Black and Blue is one of my favorite Rolling Stones albums. In fact by now it may be my favorite, given that I listened to it three years ago. I can’t remember the last time I listened to Some Girls or Exile on Main St. If I did listen to the second, I think my spirit would curl at the edges. Not that Exile is bad; I bet it’s good. But there’s so much of it, and I heard it so many times. I was a Stones fan my first couple of years in college, and logging hours of Exile time was probably the chief form my fandom took. Of the albums I liked, it was the longest and most touted, and I felt good about liking a classic. I cooled off during my junior year; decades later, I remain cooled off. I want to keep the Stones around, but I want to shrug at their classicness. Black and Blue—their brief, mid-70s album with the guest guitarists and patched-together tracks—is the Stones album that I still like the way I did before, back when I was in my dorm. People, or rock critics, didn’t think much of it back then. They still don’t. But I like every track, and “Hand of Fate” is my favorite.
That one, at least, has crawled into respectability. I point to a long piece at Vulture, “The Complete Works: Ranking All 374 Rolling Stones Songs.” There at 107 we find “Hand,” which is described this way: “Keith’s riff is massive, the choruses stick, Mick sings the murder-story lyrics with resigned desperation. And Charlie puts a bow on it.” The Vulture round-up is by David Marchese, who looks like he was born during or after my dorm years. Perhaps Mick was recording She’s the Boss, perhaps rumors of Steel Wheels had begun. Let’s take a step back. The Stones’ museum period (by my count it began with “Start Me Up” and the Jovan sponsorship deal, in 1981) has lasted so long that people born during this stretch can now serve as president, not to mention senators. They can also be Park Slope information professionals with laptops and Twitter accounts. One of the people belonging to this second group has decided to survey the career output of a band that stopped mattering before he even breathed.
I like that.
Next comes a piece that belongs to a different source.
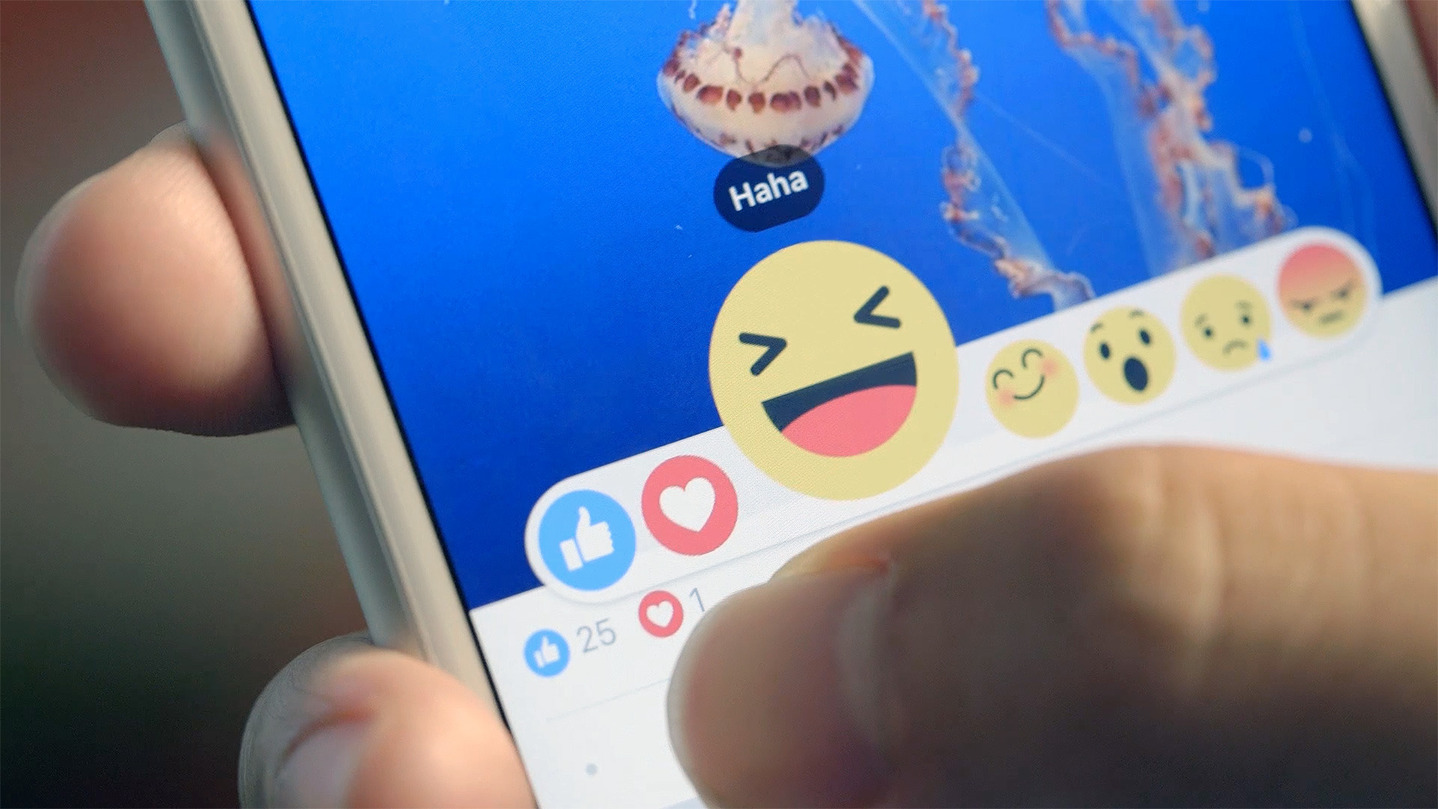 Facebook sắp mang nút Like kiểu mới về Việt Nam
I see it as a sign of how much the Stones mattered back when they did matter (1963–1978, with Some Girls providing the last triumph). I can shrug at their classicness, but at the same time I know it rests secure—look at that young fellow beavering through his 374 tracks. As I see it, he demonstrates that I wasn’t wasting my time back when I loved the Stones. David Marchese is history’s proof that the boys have lasted. I’ll add that Wayne Perkin’s guitar solo on “Hand of Fate” reminded me of lit electrical filament somehow coiling in the air at right angles. Make of that what you will, but it’s some solo.